THE PROBLEM
From the entries below, transcribe exactly the lines between the line holding "Women Summer High" and the line holding "Parafusadeira Furadeira De", inclusive; skip all other lines.

INPUT MATERIAL
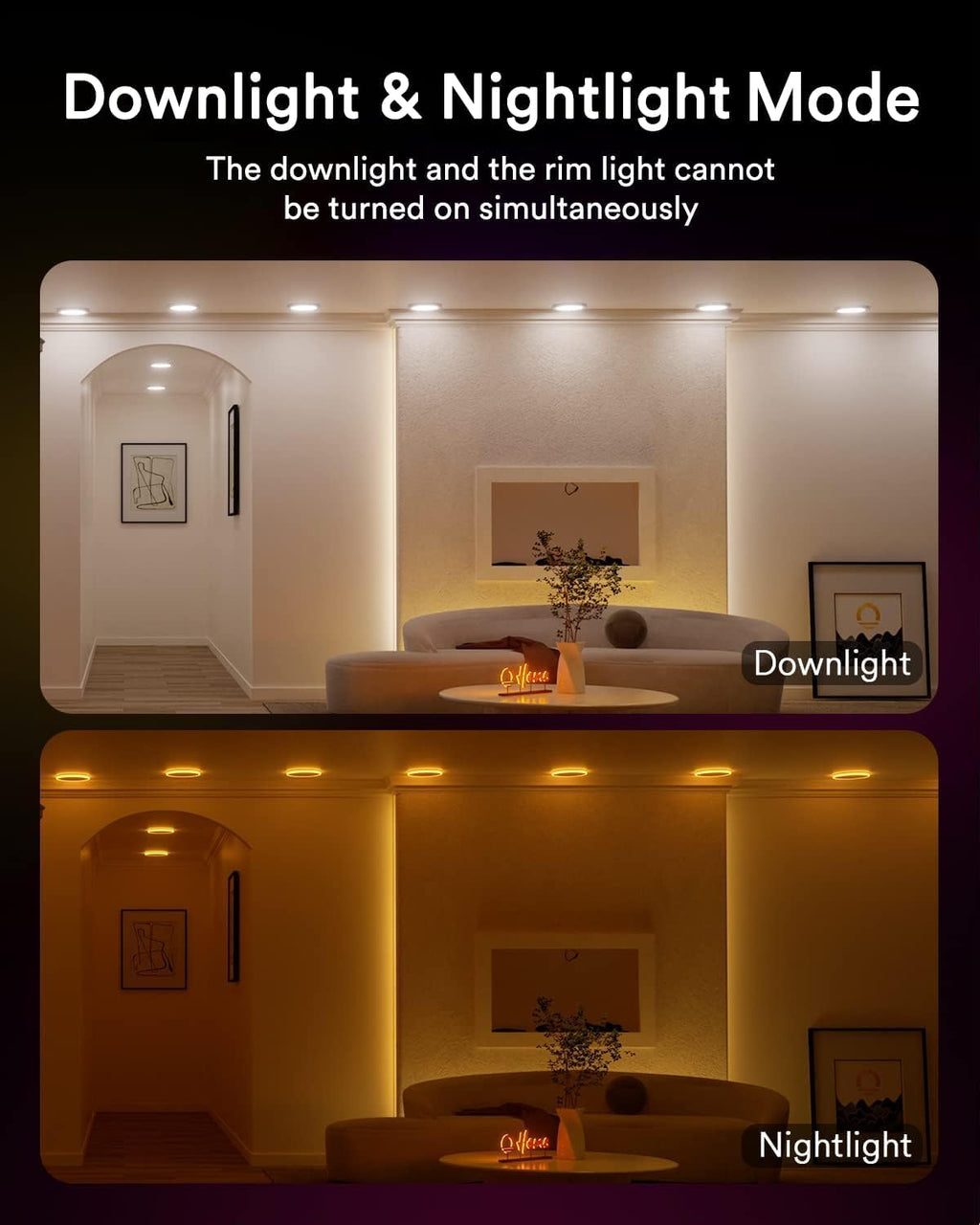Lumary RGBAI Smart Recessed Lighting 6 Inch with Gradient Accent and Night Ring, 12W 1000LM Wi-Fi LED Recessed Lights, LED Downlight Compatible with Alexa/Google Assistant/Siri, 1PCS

* * *

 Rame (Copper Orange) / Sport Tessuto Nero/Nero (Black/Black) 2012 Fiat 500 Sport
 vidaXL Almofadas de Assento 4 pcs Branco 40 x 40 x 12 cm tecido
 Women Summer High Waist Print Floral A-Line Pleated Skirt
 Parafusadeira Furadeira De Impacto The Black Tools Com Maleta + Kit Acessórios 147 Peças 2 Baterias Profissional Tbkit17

==

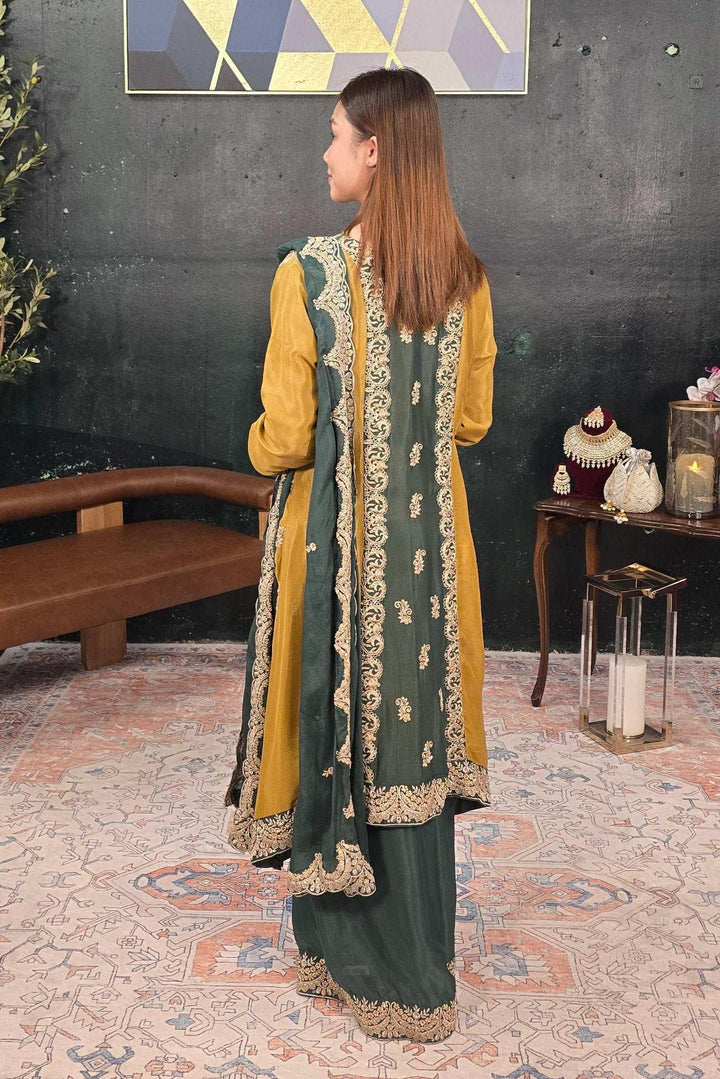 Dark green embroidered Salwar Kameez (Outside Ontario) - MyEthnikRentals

SOLUTION FOR THIS PROBLEM
 Women Summer High Waist Print Floral A-Line Pleated Skirt
 Parafusadeira Furadeira De Impacto The Black Tools Com Maleta + Kit Acessórios 147 Peças 2 Baterias Profissional Tbkit17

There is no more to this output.